*** TASK MATERIAL ***

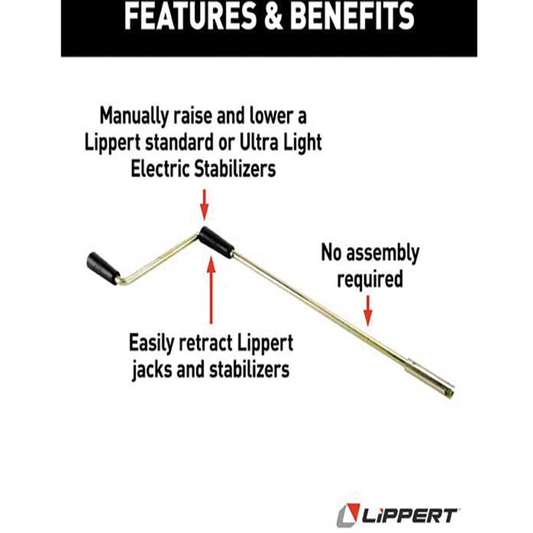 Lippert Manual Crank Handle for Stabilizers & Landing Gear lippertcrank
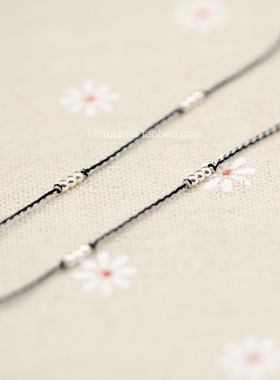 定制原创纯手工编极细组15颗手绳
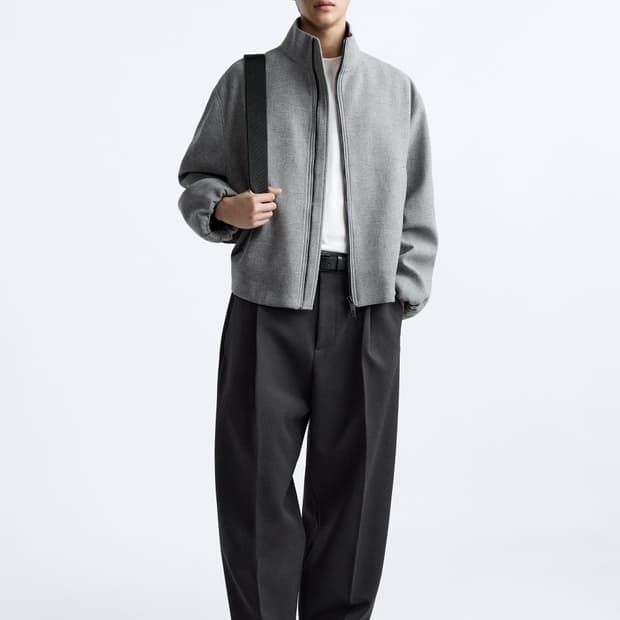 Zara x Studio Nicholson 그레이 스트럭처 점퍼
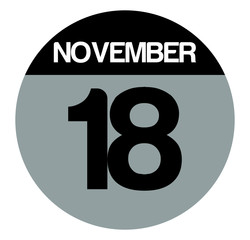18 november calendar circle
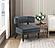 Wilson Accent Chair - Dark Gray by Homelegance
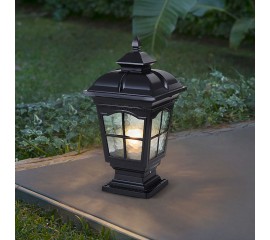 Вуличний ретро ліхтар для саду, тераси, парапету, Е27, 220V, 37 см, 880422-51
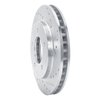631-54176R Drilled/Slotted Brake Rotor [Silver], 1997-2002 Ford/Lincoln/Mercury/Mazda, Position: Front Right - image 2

*** End of TASK MATERIAL ***
*** TASK MATERIAL ***

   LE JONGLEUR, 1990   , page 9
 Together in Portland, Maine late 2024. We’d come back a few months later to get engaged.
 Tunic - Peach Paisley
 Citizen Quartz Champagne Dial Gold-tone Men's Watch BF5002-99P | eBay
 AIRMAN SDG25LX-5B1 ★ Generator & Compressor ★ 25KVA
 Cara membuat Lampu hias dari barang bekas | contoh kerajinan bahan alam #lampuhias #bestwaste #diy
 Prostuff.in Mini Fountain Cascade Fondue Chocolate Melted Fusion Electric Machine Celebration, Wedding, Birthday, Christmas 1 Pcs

*** End of TASK MATERIAL ***

- **ACTIVITY**
Lines from the one above containing "Вуличний ретро ліхтар" down to the one containing "631-54176R Drilled/Slotted Brake" should be transcribed exactly, with both ends kept and no pictures.

- **RESULT OF THE TASK**
 Вуличний ретро ліхтар для саду, тераси, парапету, Е27, 220V, 37 см, 880422-51
631-54176R Drilled/Slotted Brake Rotor [Silver], 1997-2002 Ford/Lincoln/Mercury/Mazda, Position: Front Right - image 2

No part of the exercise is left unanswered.